Imagine an aircraft that can take off and land vertically, but isn’t a helicopter. It has an intelligent pilot, but there’s no human being sitting at the controls. Boeing has propelled itself into the world of futuristic aircraft with its acquisition of Aurora Flight Sciences.
Boeing announced on Friday that it will acquire Aurora Flight Sciences Corporation, a company that specialises in advanced robotic aircraft. Aurora already has an impressive portfolio of autonomous aircraft, including vehicles it has been working on with Uber for its flying taxi project.
Much of Aurora’s business in the past has been with the U.S. Military, namely DARPA (The Defense Advanced Research Projects Agency) and NASA. Its aircraft have attracted interest (and funding) mainly due to its advanced Vertical Takeoff and Landing (VTOL) technology, with the small company beating out Boeing and Lockheed Martin last year to build the VTOL X-Plane for DARPA.
What does Boeing plan to do with this technology? The organisation’s press release doesn’t reveal much, but there’s speculation that the acquisition will help bolster Boeing’s own expertise in autonomous aircraft and VTOL tech, with most of that knowledge being funnelled into military aircraft. On the civilian side, the combination of autonomous piloting and VTOL technology are ideal for finally developing the drone taxis we’ve been hoping for. It is unclear whether Aurora will continue to work with Uber on this project.
A report in the Wall Street Journal notes that the acquisition is likely to have an impact on the jet maker’s supply chain long before it produces self-flying planes: “The technology includes … machine learning capability, which could be used to make industrial operations more efficient. Aurora produces composite parts for aircraft and other vehicles, potentially a big attraction to Boeing as it looks to take greater command of its supply chain.”
In other news this week:
Air France Testing Blockchain Technology
- Air France KLM’s engineering and maintenance division is evaluating the potential for Blockchain to become its new digital ledger for managing replacement parts on in-service aircraft.
- A spokesperson noted that Blockchain’s resilience, traceability, integrity and disintermediation are well suited to the aviation supply chain.

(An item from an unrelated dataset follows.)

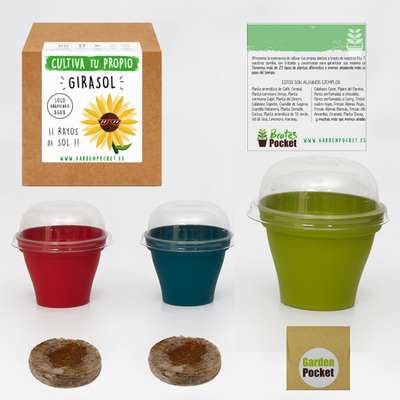 Kit Brotes Pocket Girasol Kit Brotes Pocket Girasol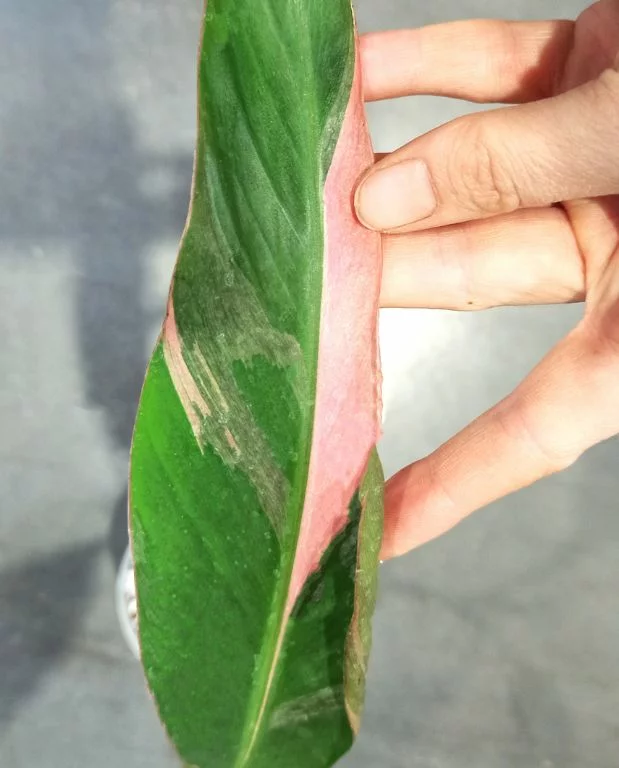 Musa Nono Pink Variegata – Image 2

Elon Musk On Track To Win Solar Battery Bet
- Elon Musk has announced that Tesla has reached the halfway point of construction on the “world’s biggest battery” in South Australia.
- The company has a 100-day deadline to complete the construction of a 100-megawatt battery array, or it will build it for free.
- The batteries, expected to power 30,000 homes, were commissioned as an innovative solution to an ongoing energy crisis in South Australia.